While traditional pay TV subscriber bases continued to decline in 2017, the five biggest virtual MVPDs added an estimated 2.6 million subscribers for the year.
According to MoffettNathanson analysts Craig Moffett and Michael Nathanson, YouTube TV, Hulu Live, Sony PlayStation Vue, DirecTV Now and Sling TV together added nearly 800,000 subscribers in the fourth quarter of 2017, bringing the total to about 4.6 million. This figure doesn’t account for the dozens of smaller players like Philo TV and fuboTV.
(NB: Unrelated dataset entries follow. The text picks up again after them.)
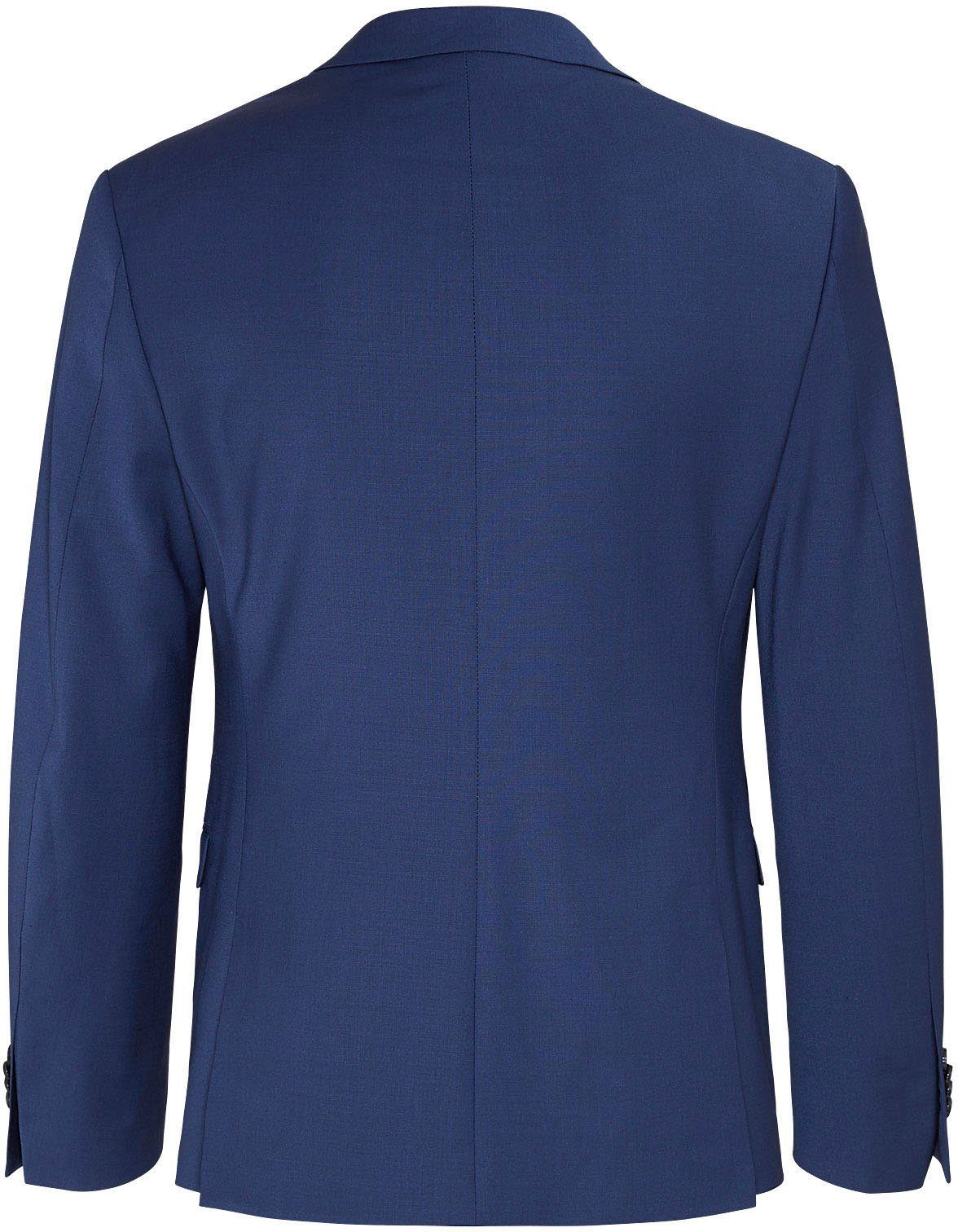 Cinque Baukastensakko CICASTELLO Slim-Fit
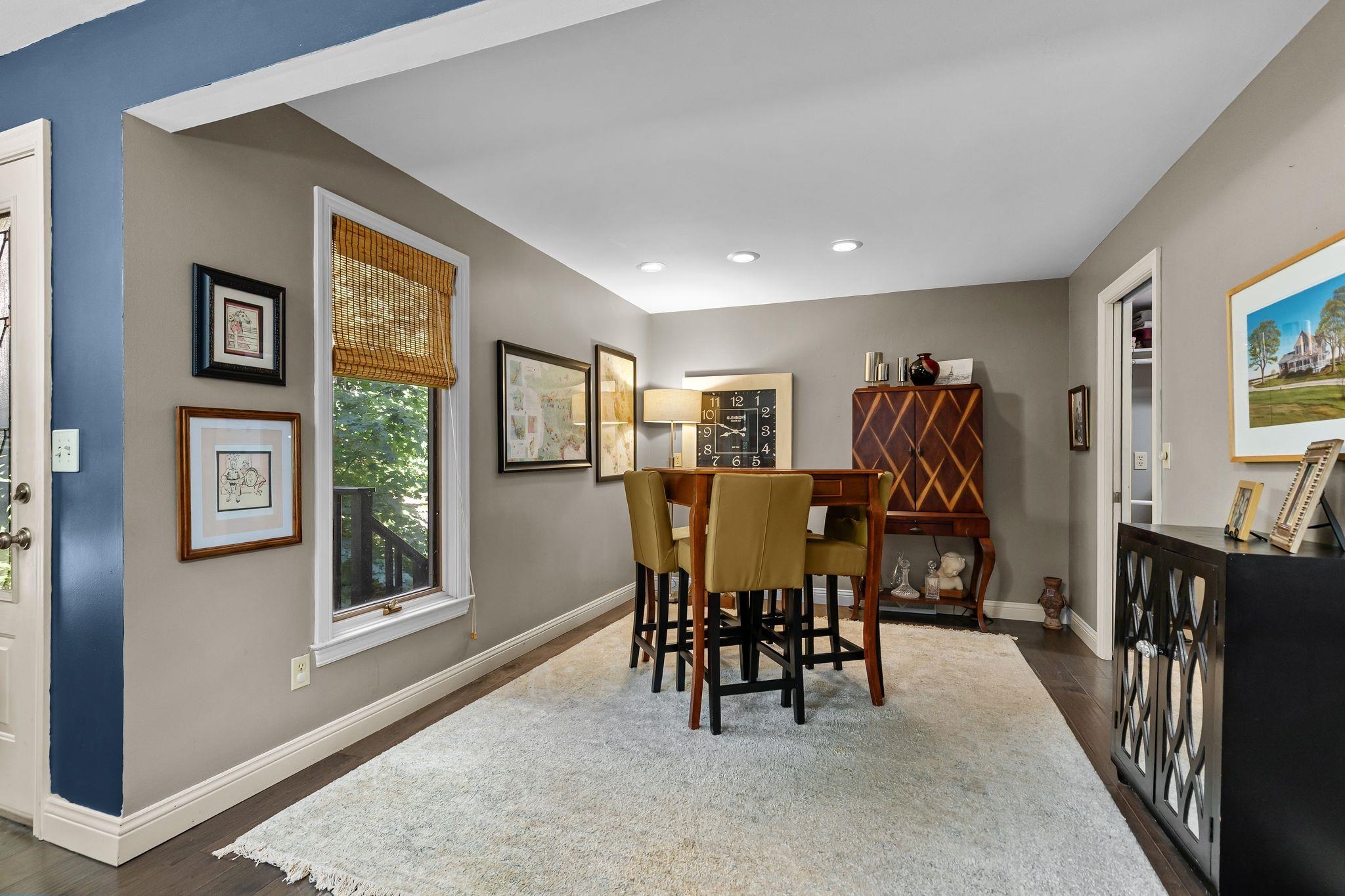 W3895 HIGHVIEW Drive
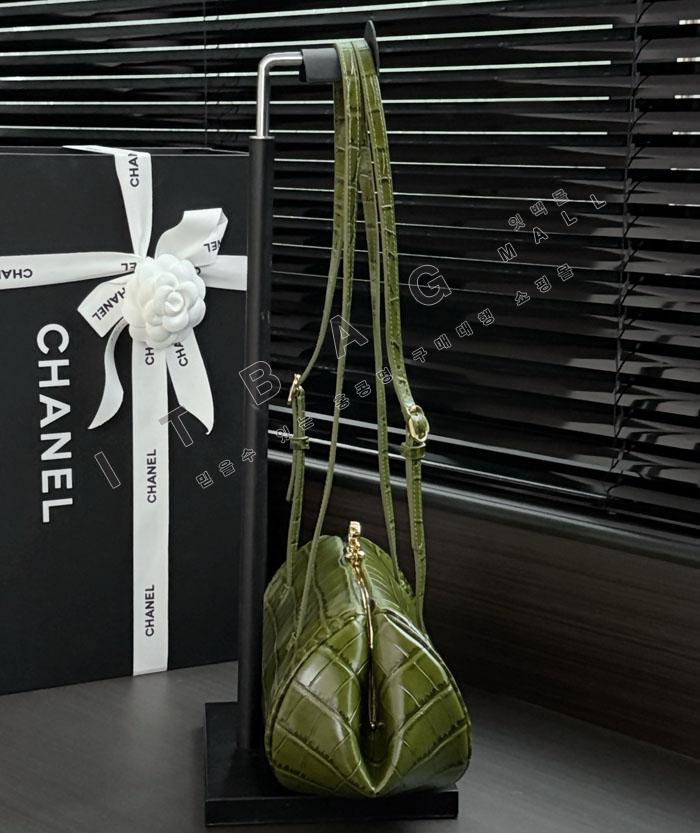 ����  ���� ��Ʈ��  Ŭ��ġ  AP5360-3     26/�Ż� 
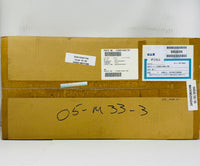 FUJI 350D1058175 COVER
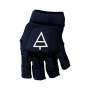 Oregon Outdoor Glove Navy - Small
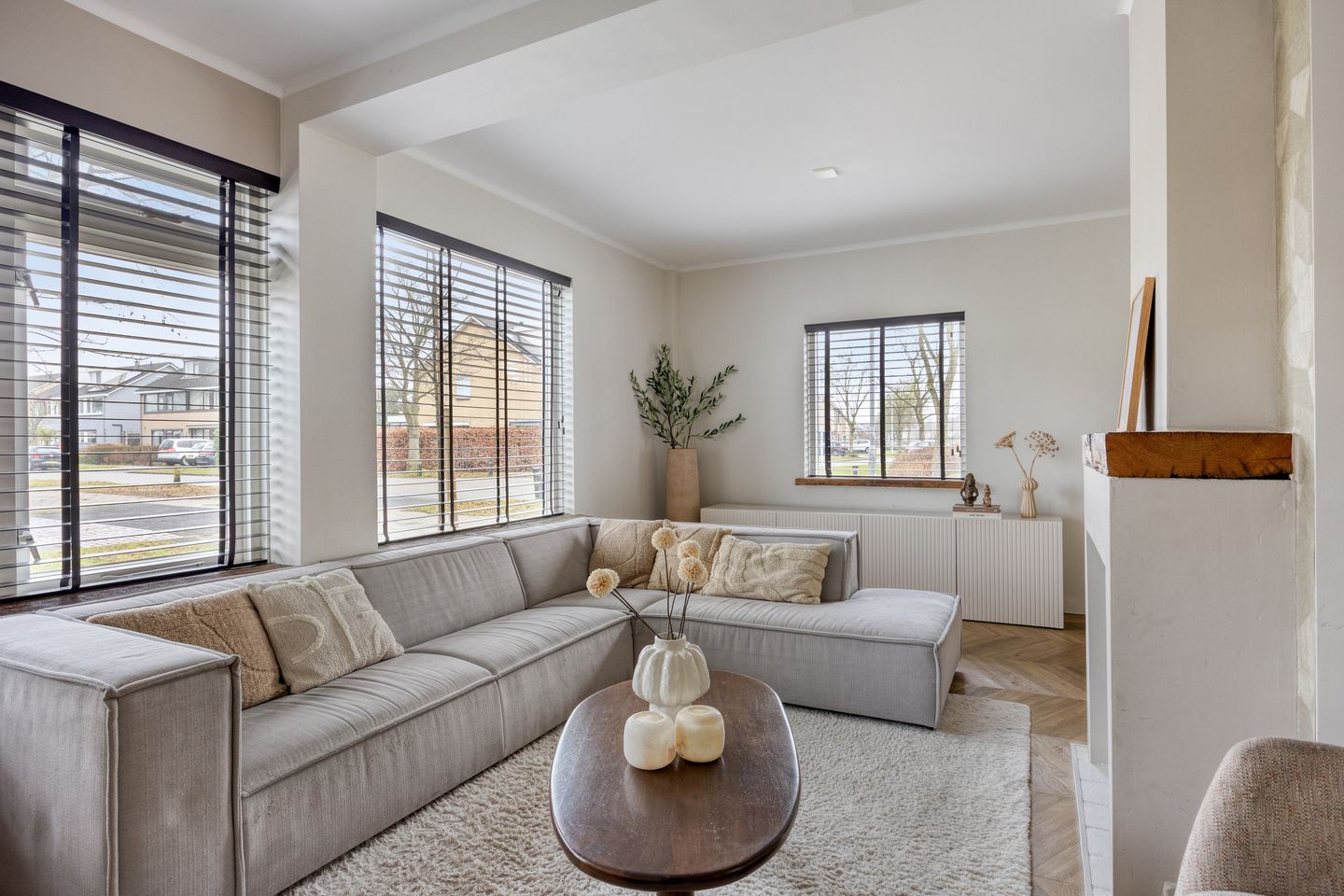 Photo 5 of Aalsburg 1601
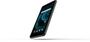 Imagem de Tablet Positivo Twist Tab+ T780F 64GB 2GB RAM 7'' Android 11 Go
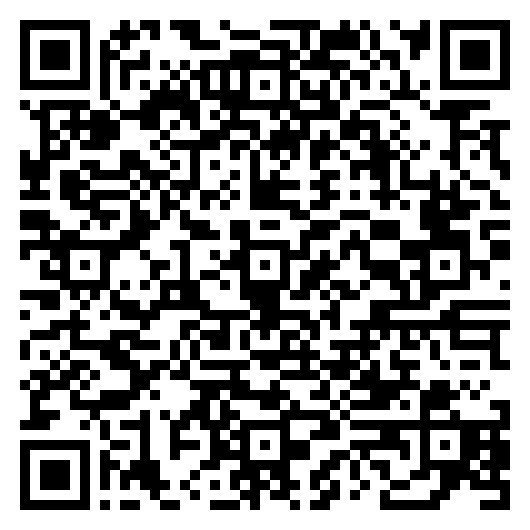 Permit 71450203036 QR code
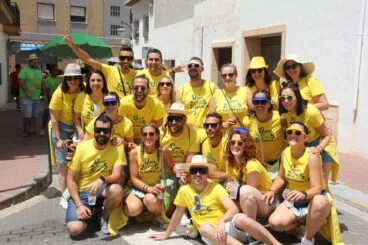 Quintaes 2022 (88)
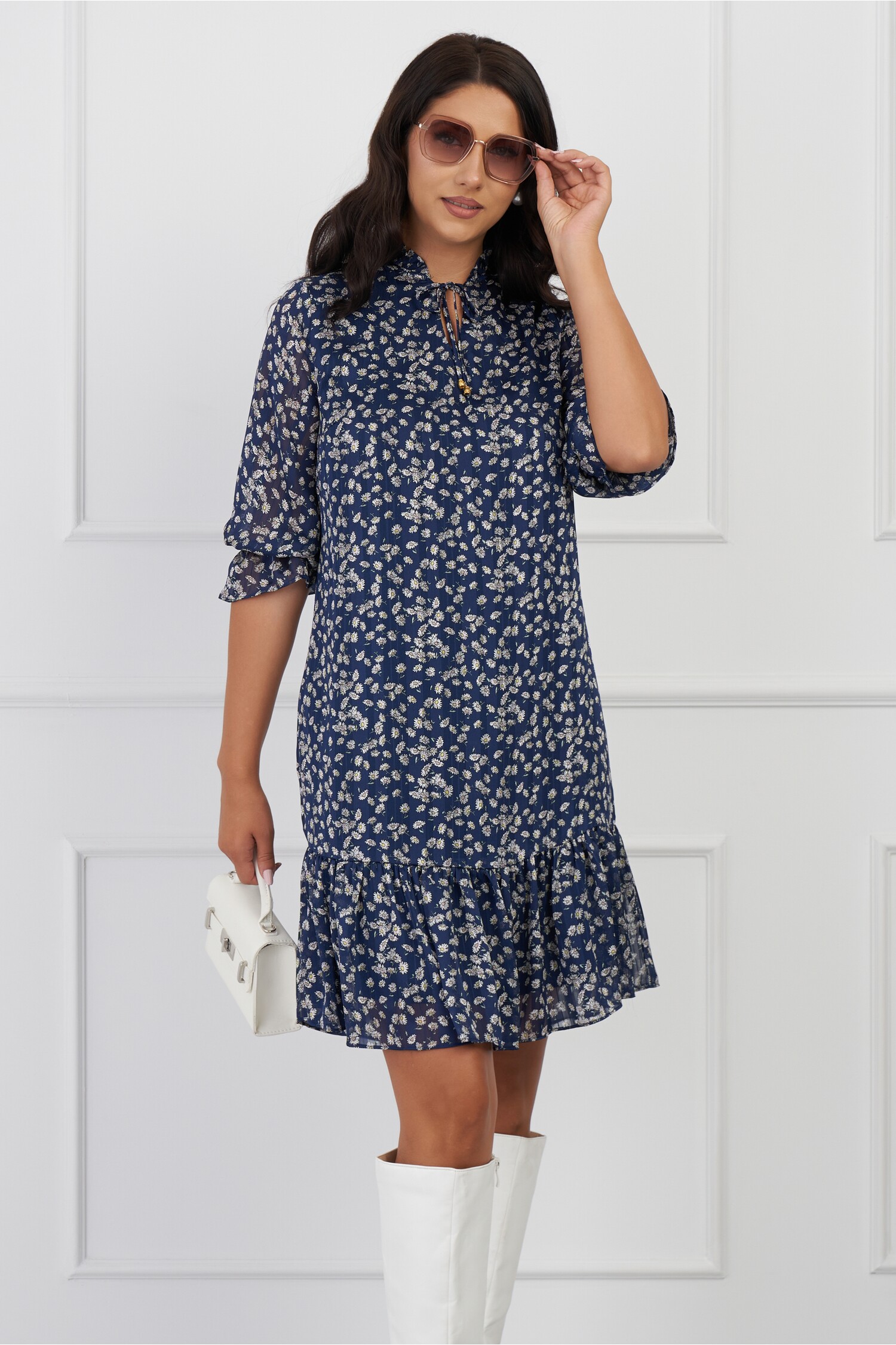 rochie-anisia-bleumarin-cu-floricele-albe-1321577-1070132-4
The fourth quarter saw a 126.5 percent spike in vMVPD subscriber growth year over year, according to MoffettNathanson estimates, compared to a 3.4 percent decline in total traditional pay TV subscribers. Traditional pay TV distributors together lost 621,000 subscribers in the fourth quarter of 2017, compared to 396,000 in the year ago period.
The analysts estimate that since 2010 the cumulative number of cord-cutter and cord-never households has reached roughly 13.5 million households, but vMVPDs have so far re-captured only about a third of that loss.
There are a number of unknowns, MoffettNathanson analysts acknowledge, when it comes to forecasting where the pay TV industry will go.
“Is it the case that the current uptake of vMVPDs is boosted by the pent-up demand of the thirteen million? Or, alternatively, have many of these 13 million been lost to the category forever, happily making do with SVOD and other non-live alternatives, while the current cord-cutters are overwhelmingly leaving for vMVPD alternatives,” the analysts wrote in a research note. “We don’t know…but it makes a huge difference in forecasting what happens from here.”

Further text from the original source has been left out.